ManishH wrote:Wow! And pray, where is the evidence of Bronze in India in 8000 BC.
Strawman. I did not make a claim that bronze existed in India in 8000 BC.
You said that RgVeda can be composed "any time between 8000 BC and 1200 BC". But it cannot be as early as 8000 BC because RgVeda mentions bronze and no man-made bronze objects have been found in greater Sindhu region dated 8000 BC
There is no guarantee that any specific bones will be found by archaeologists. Fitting facts to available evidence is called fudging and that is what has been done consistently by the usual culprits and their cheerleaders
Fudging is when claims of such old dates for horse are made without dated evidence.
But you asked about horse bones in India. When was the neolithic age? Horse bones have been found in India from the neolithic age.
http://www.omilosmeleton.gr/pdf/en/indo ... Debate.pdf

Our first surprise is that contrary to conventional assertions, quite a few
archaeologists have reported horse remains from India’s prehistoric sites. A.
Ghosh’s respected and authoritative Encyclopaedia of Indian Archaeology
mentions without fuss:
In India the ... true horse is reported from the Neolithic levels at Kodekal
[dist.
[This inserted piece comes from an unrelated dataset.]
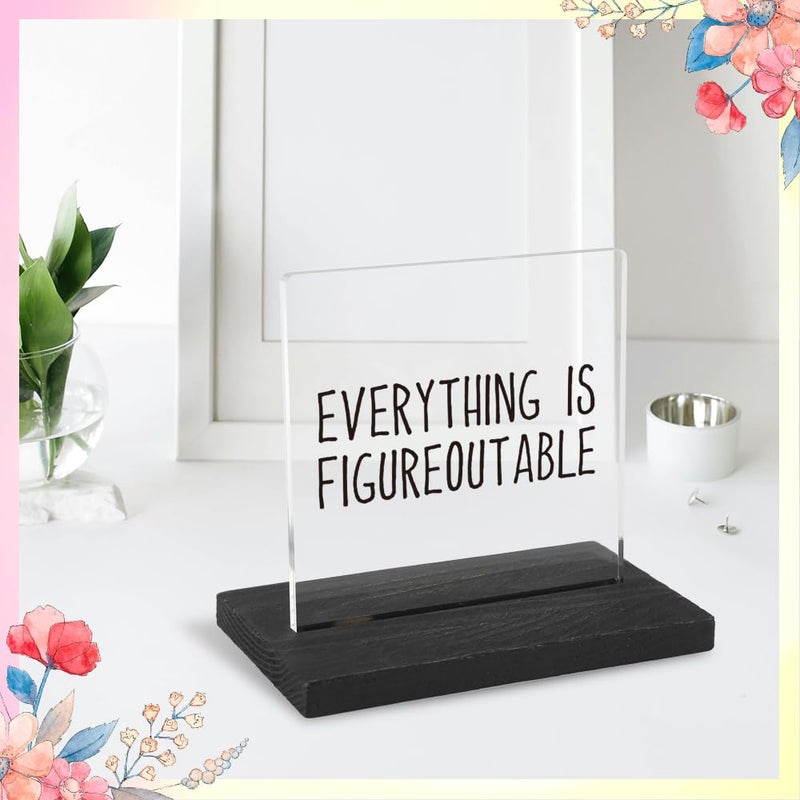 FOUGSTA Motivational Office Desk Decor for Women, Funny Quote for Desk, Boss Gag Gift for Women, Men, Positive Affirmation Gifts for Woman, Men,XXY50 - Image 4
Gulbarga of Karnataka] and Hallur [dist. Raichur of Karnataka] and
the late Harappa levels at Mohenjo-daro (Sewell and Guha, 1931) and
Ropar and at Harappa, Lothal and numerous other sites. ... Recently bones
of Equus caballus have also been reported from the proto-Harappa site of
Malvan in Gujarat.1
Let's examine them one by one ...

Hallur Horse: This is well dated - ~1500 BC

Late-Harappan of Mohenjodaro : this is the phase from 1700 - 1300 BC

Malvan: this is a post-harappan, not "proto-harappan" archaeological site with two periods. Period I, the earliest from 1400-1000 BC. See "Excavations at Malvan", Allchin, Joshi, Sharma

Kodekal: Neolithic "levels", not neolithic "age". And again there are no dates - all it says is "neolithic levels". It just says "have been reported" - no reference to who has reported, what publication it has been reported, how has it been ascertained as different from onager remains etc...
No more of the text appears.